The Raoul Wallenberg tree

The Raoul Wallenberg tree, Alexandra Gardens, Cardiff

The memorial tree and plaque here commemorate a Swedish diplomat who saved many thousands of Jews in Nazi-occupied Hungary. The tree was planted in 1985.

Raoul Wallenberg was born in Stockholm in 1912. He became a businessman but was recruited in 1944 by the USA’s War Refugee Board. His mission was to go to Hungary as a diplomat and use his position to help Jews. By the time he arrived in Budapest in 1944, the Nazis had already deported almost half a million Hungarian Jews. Most were murdered at concentration camps, including Auschwitz.

Budapest’s Jewish population had not yet been deported. Wallenberg had the authority of the Swedish government – neutral in the Second World War – to issue certificates which protected named Jews from deportation. He had carefully designed the documents to look like Swedish passports. He issued far more than the number he’d agreed with Hungarian officials.

Wallenberg set up safe houses, hospitals and a soup kitchen for Jews. When the Nazis and Hungarian fascists began to deport Budapest’s Jews in autumn 1944, Wallenberg sometimes resorted to forging documents to save individuals as they were being marched to the Austrian border, en route for Auschwitz.

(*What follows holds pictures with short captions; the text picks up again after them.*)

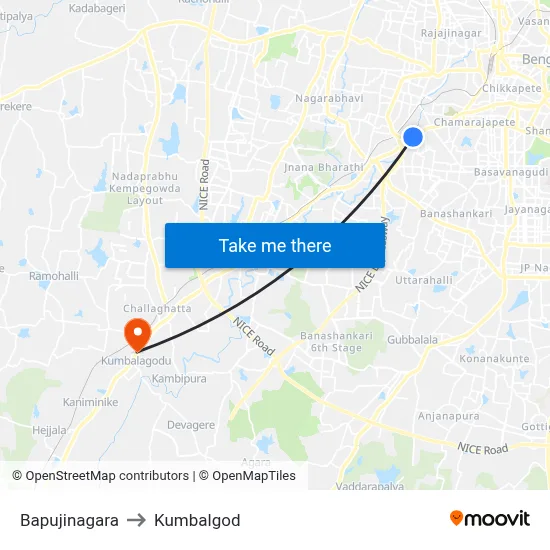 Bapujinagara to Kumbalgod map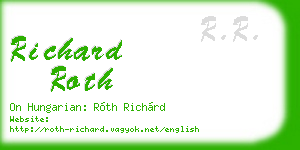 richard roth business card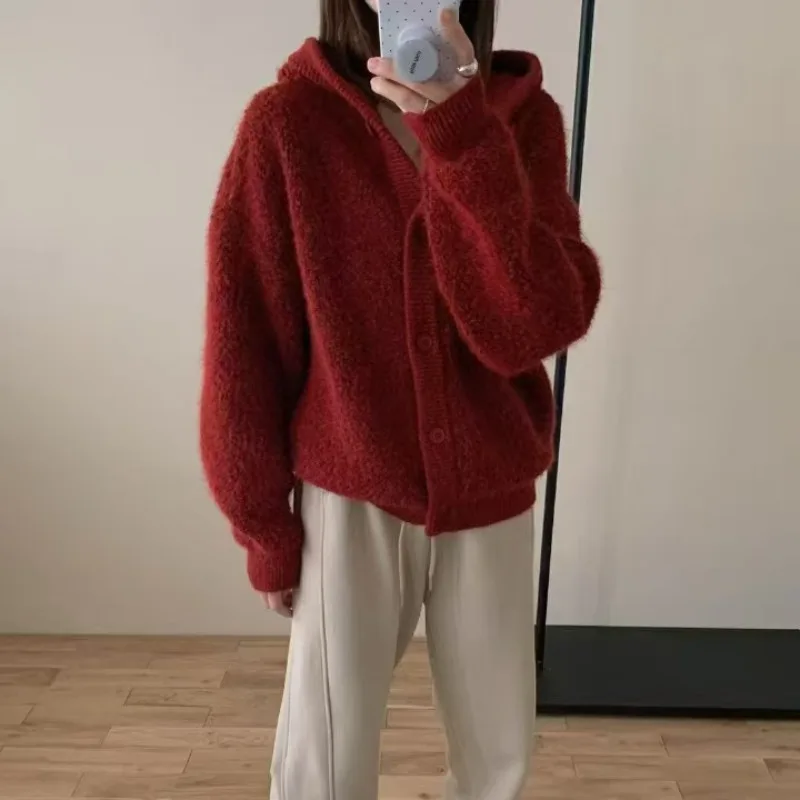 

Women's Hooded Cardigan Warm Fleece Korean Fashion Cute Plush Outerwear Winter Baggy Thickened Sweater Shirt Coat Versatile B933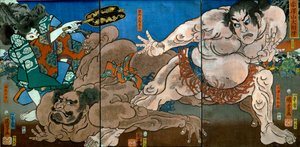 Gran Torneo de Sumo en el Monte Akazawa (Akazawayama Ōzumō) de Utagawa Kuniyoshi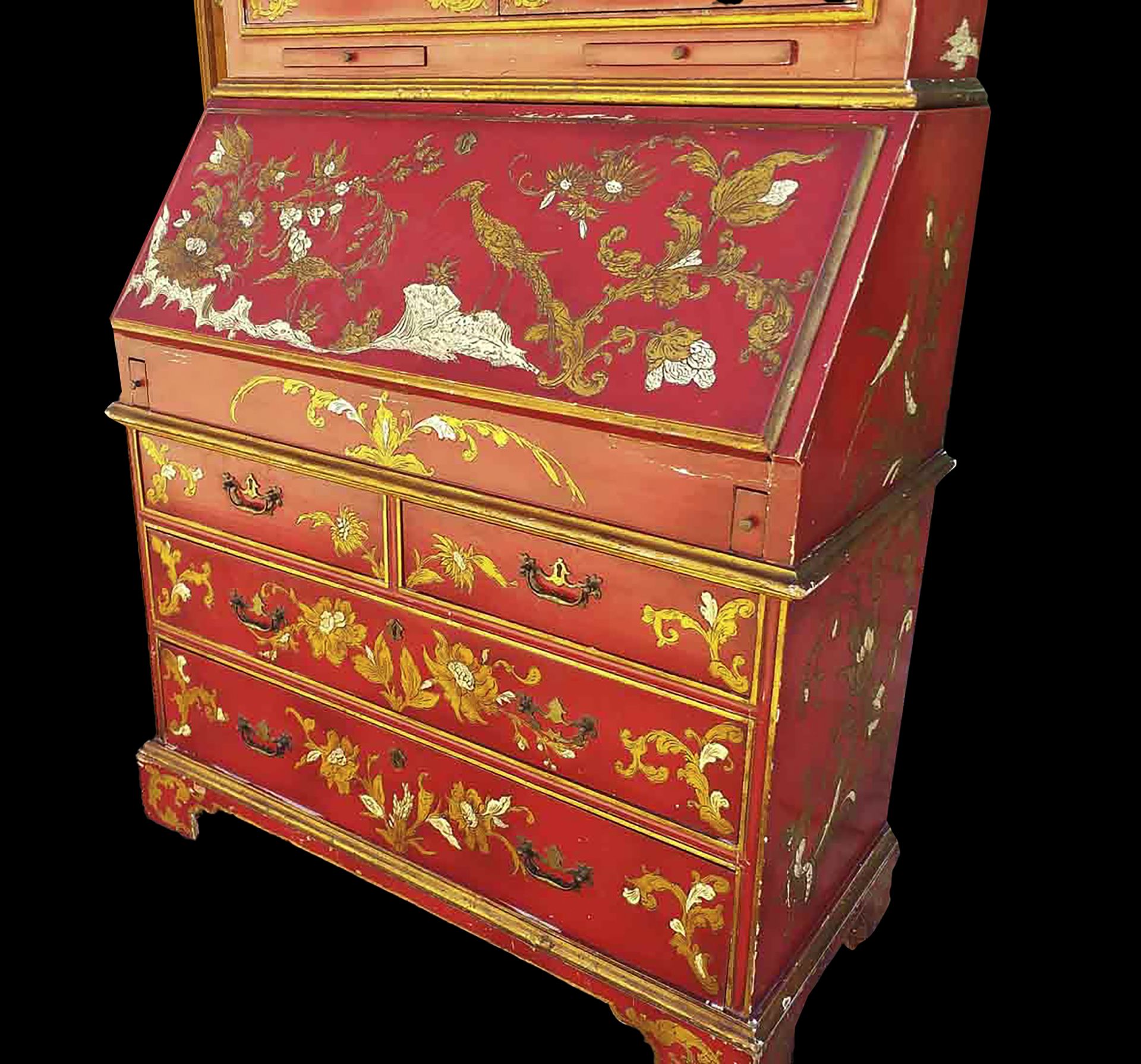 Spectacular Mallorcan Secretariat Wardrobe with English Regency style chest of drawers with Chinese  - Image 5 of 10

Thanks to Wallenberg and his collaborators, more than 100,000 Jews were still in Budapest when the city was liberated by Soviet Union forces in February 1945. Wallenberg had persuaded the retreating Nazis not to blitz the city’s Jewish ghetto and massacre its inhabitants.

However, Wallenberg himself disappeared in January 1945. He was arrested by Soviet personnel, possibly on suspicion of spying. One report in the 1950s said that he had died in 1947 in Moscow, at the Lubyanka prison of the KGB (Soviet secret police). It wasn’t until 2016 that Sweden declared that he was legally dead.